------ Study material ------

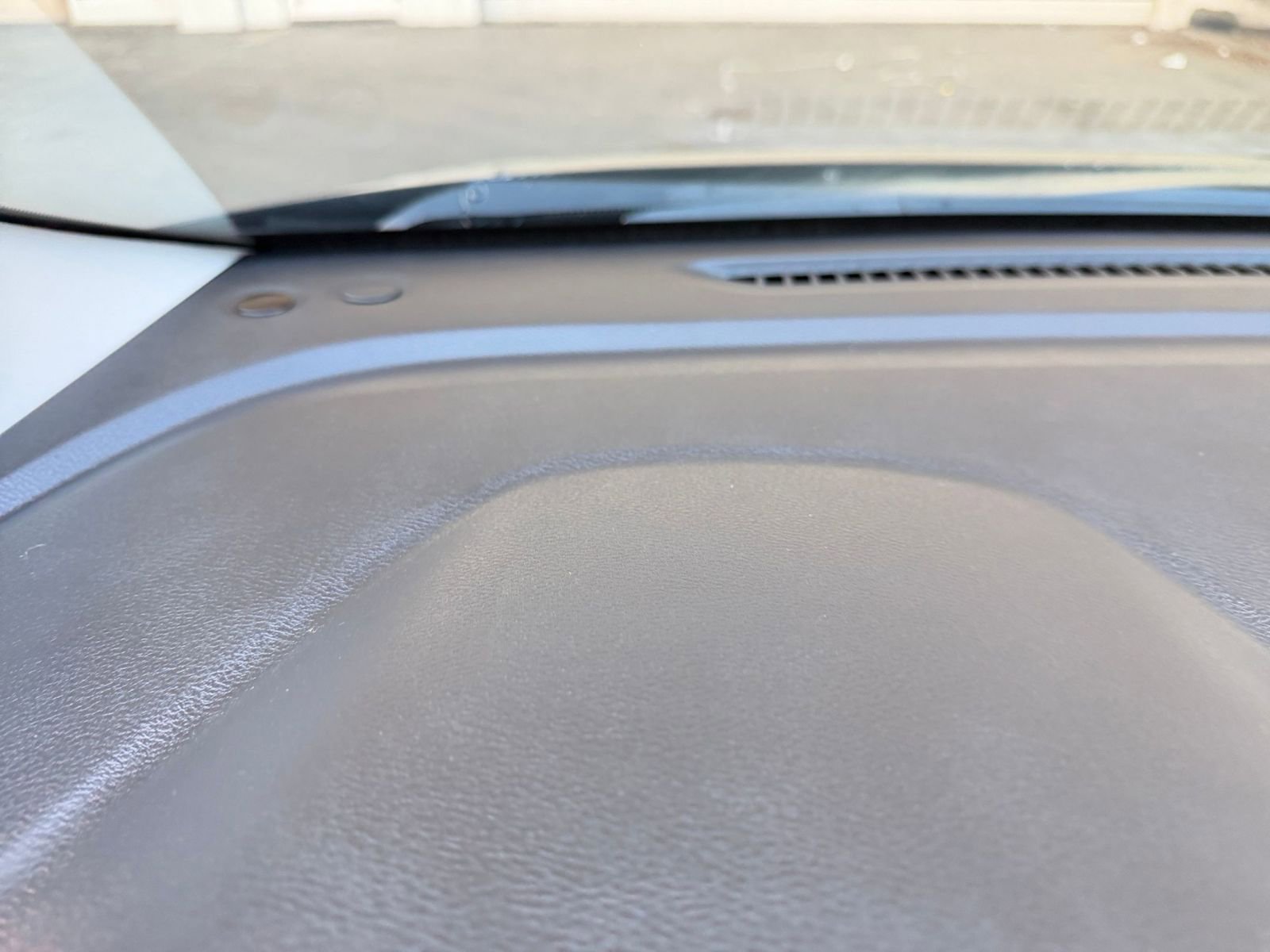 Thumbnail: 2025 Nissan Versa - 34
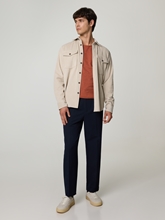 Bild von Hose im Regular Fit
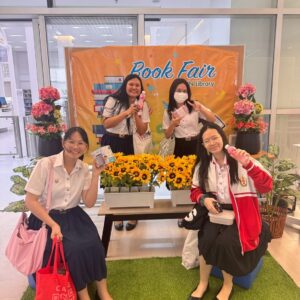 LINE_ALBUM_Book-fair-2025_250813_40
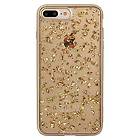 Prodigee Scene Treasure for iPhone 7 Plus/8 Plus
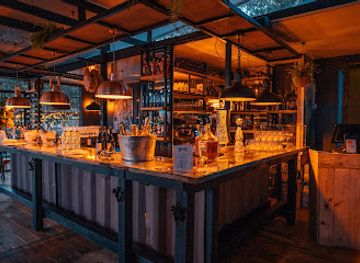 uruguay/cerro-catedral/bar/solera-wine-tapas-bar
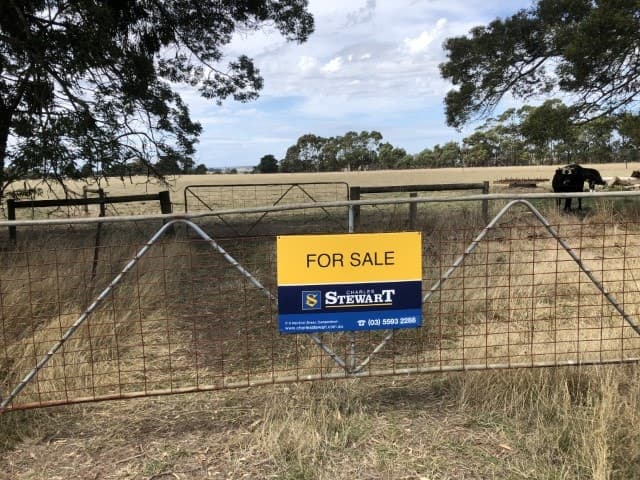 47 Mills Road, Cobden, VIC, Cobden - Image 1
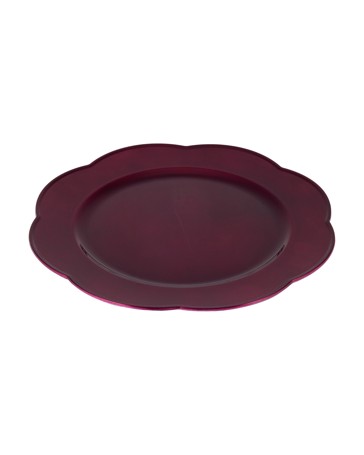 Anko Fig Wave Charger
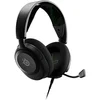 Image de Casque de jeu Steelseries Arctis Nova 1X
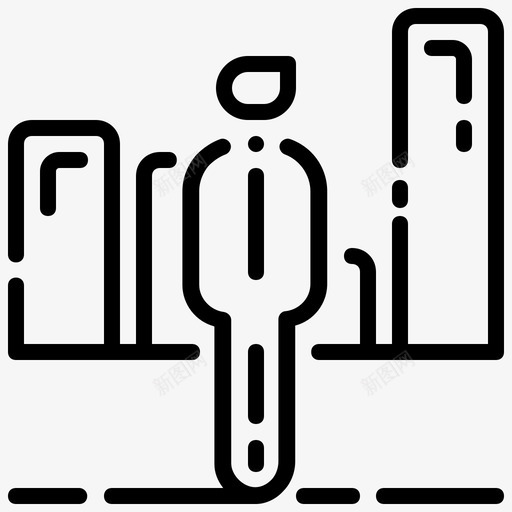 员工分析设备商业svg_新图网 https://ixintu.com 员工 分析 商业 分析员 设备 财务 概要 第卷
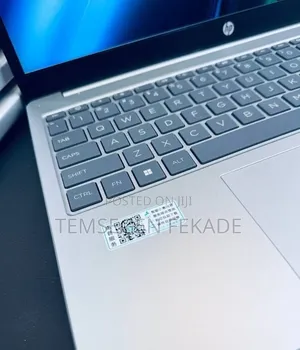 New Laptop HP Stream Notebook 16GB Intel Core i5 SSD 1T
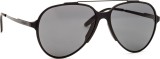 Carrera 118/S GTN/P9 261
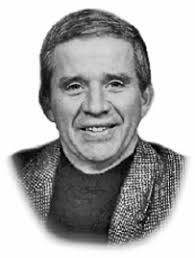 Claude BOURASSA Obituary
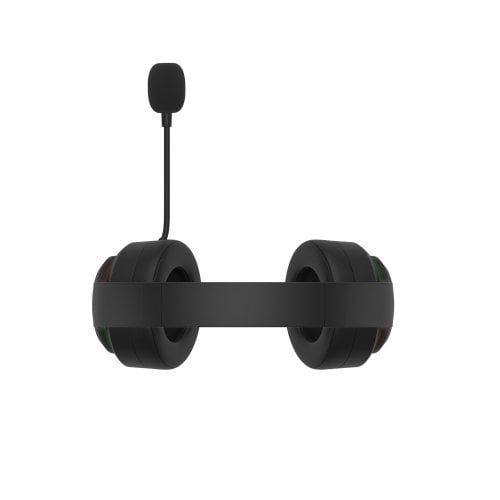 Наушники A4Tech Bloody GR520 Black купить в Украине | Telemart фото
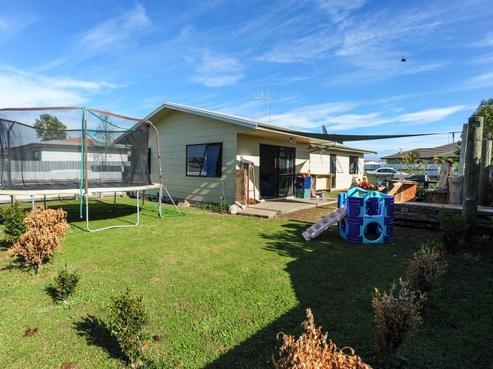 76 Kirkwood Road, Flaxmere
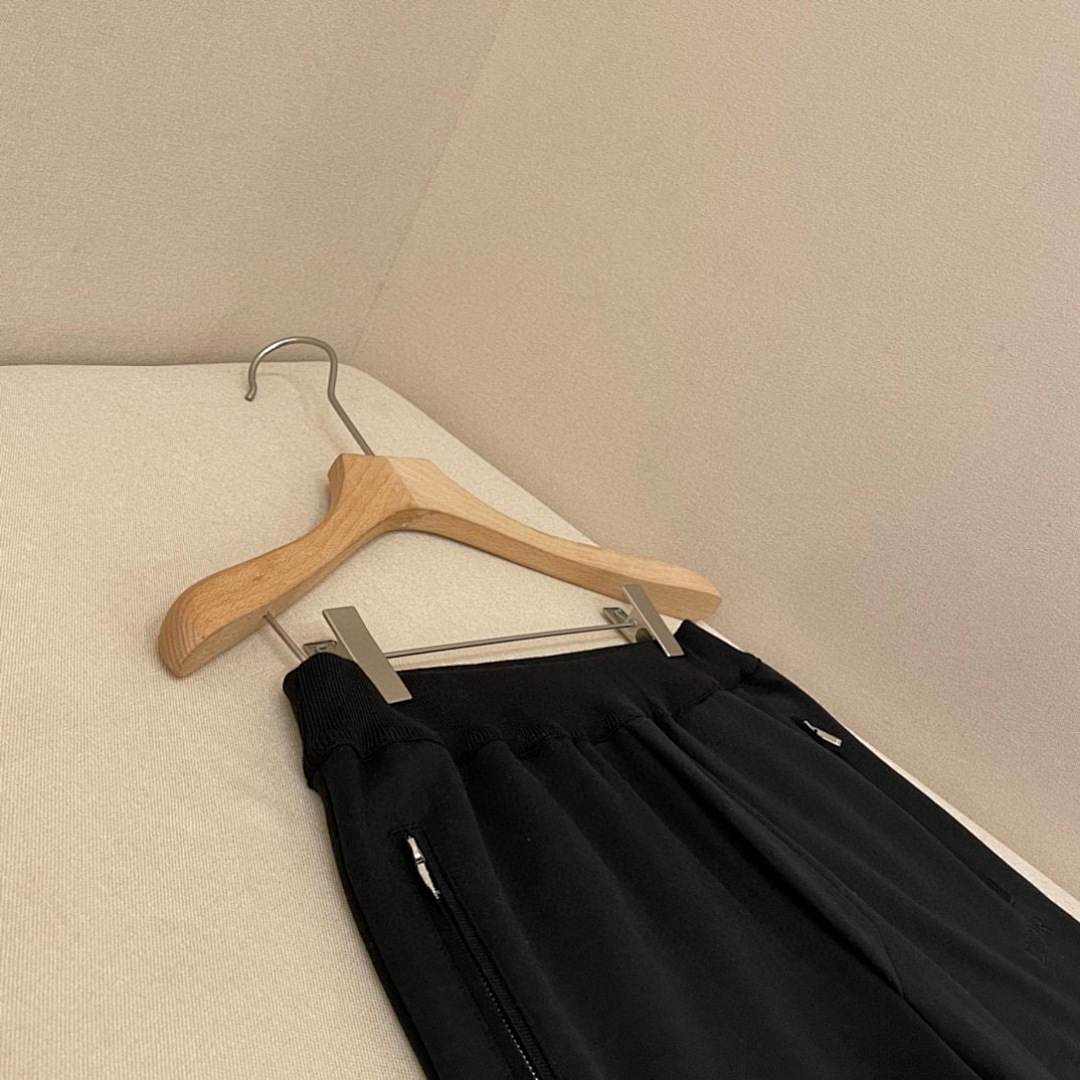 Dior KZ9138-8L - Image 24
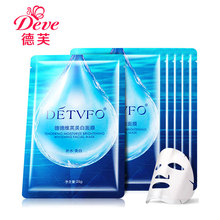 马拉松开始和结束的时间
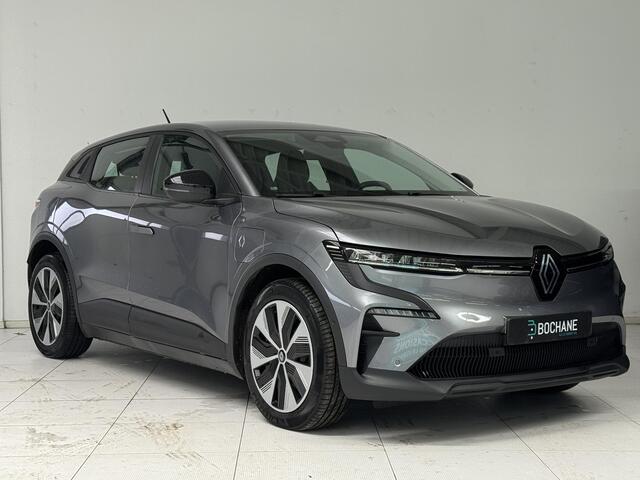 Renault MEGANE E-Tech EV60 Optimum Charge Evolution ER | Navigatie | Camera | Cruise control | Warmtepomp | SOH 96,3% |
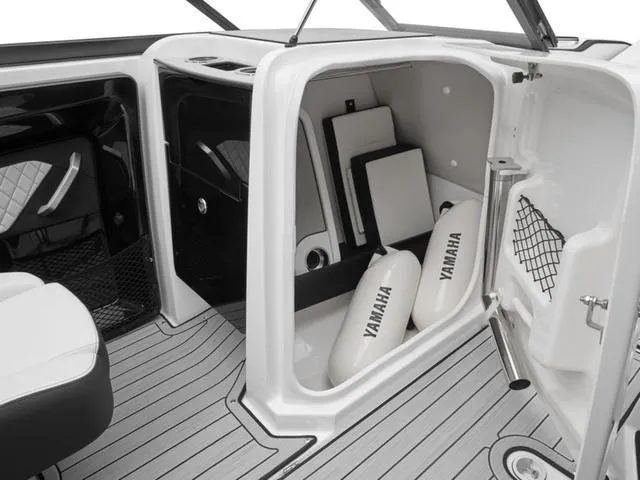 Slide: The Image of Yamaha 252S-SLATE BLUE-GALVANIZE 2025 - 8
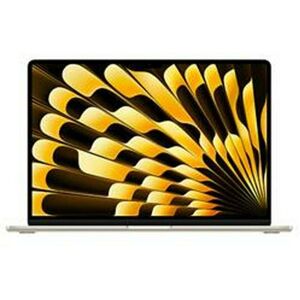 Ordinateur Portable Apple Macbook Air 15,3 M2 8 Gb Ram 256 Gb Ssd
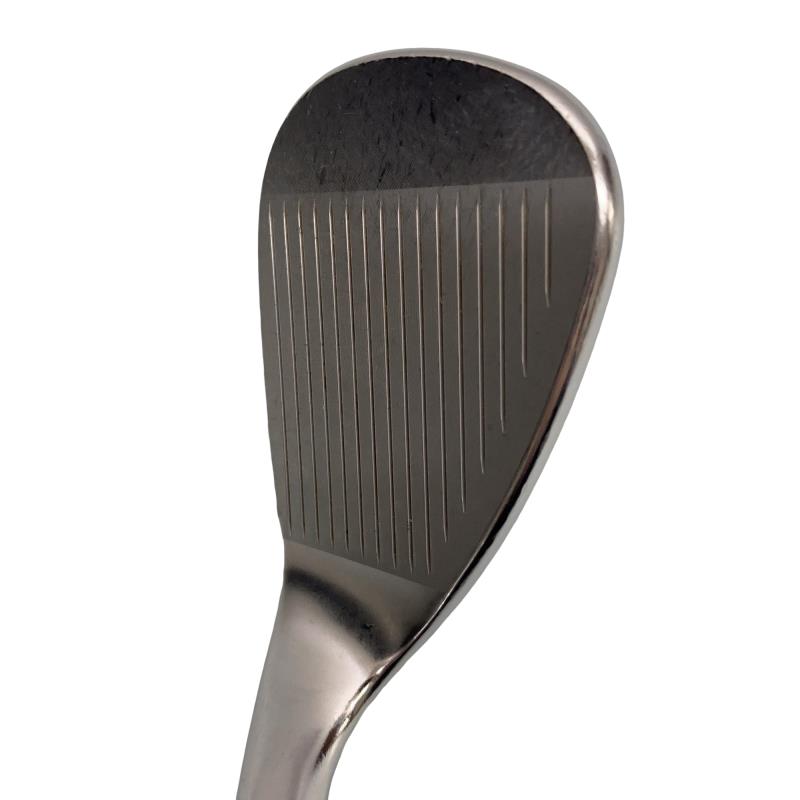 �o�h�m�f�@�f�k�h�c�d�@�R�D�O�@�T�Q°�^�P�Q°�@�r�r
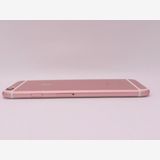 SIM�ե꡼ iPhone6s 32GB ������������� �Хåƥ꡼����80%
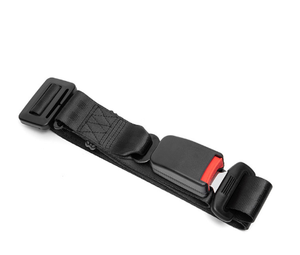 Pregnancy Car Seat Belt Adjuster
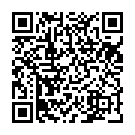 www.houseinfo.com.tw房屋網-買大同房子-QRCode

------

__What the task asks__: Would you output the full listing exactly as it stands, minus the images?

__Task solution__:
 Thumbnail: 2025 Nissan Versa - 34
 Bild von Hose im Regular Fit
 LINE_ALBUM_Book-fair-2025_250813_40
 Prodigee Scene Treasure for iPhone 7 Plus/8 Plus
 uruguay/cerro-catedral/bar/solera-wine-tapas-bar
 47 Mills Road, Cobden, VIC, Cobden - Image 1
 Anko Fig Wave Charger
 Image de Casque de jeu Steelseries Arctis Nova 1X
 员工分析设备商业svg_新图网 https://ixintu.com 员工 分析 商业 分析员 设备 财务 概要 第卷
 New Laptop HP Stream Notebook 16GB Intel Core i5 SSD 1T
 Carrera 118/S GTN/P9 261
 Claude BOURASSA Obituary
 Наушники A4Tech Bloody GR520 Black купить в Украине | Telemart фото
 76 Kirkwood Road, Flaxmere
 Dior KZ9138-8L - Image 24
 马拉松开始和结束的时间
 Renault MEGANE E-Tech EV60 Optimum Charge Evolution ER | Navigatie | Camera | Cruise control | Warmtepomp | SOH 96,3% |
 Slide: The Image of Yamaha 252S-SLATE BLUE-GALVANIZE 2025 - 8
 Ordinateur Portable Apple Macbook Air 15,3 M2 8 Gb Ram 256 Gb Ssd
 �o�h�m�f�@�f�k�h�c�d�@�R�D�O�@�T�Q°�^�P�Q°�@�r�r
 SIM�ե꡼ iPhone6s 32GB ������������� �Хåƥ꡼����80%
 Pregnancy Car Seat Belt Adjuster
 www.houseinfo.com.tw房屋網-買大同房子-QRCode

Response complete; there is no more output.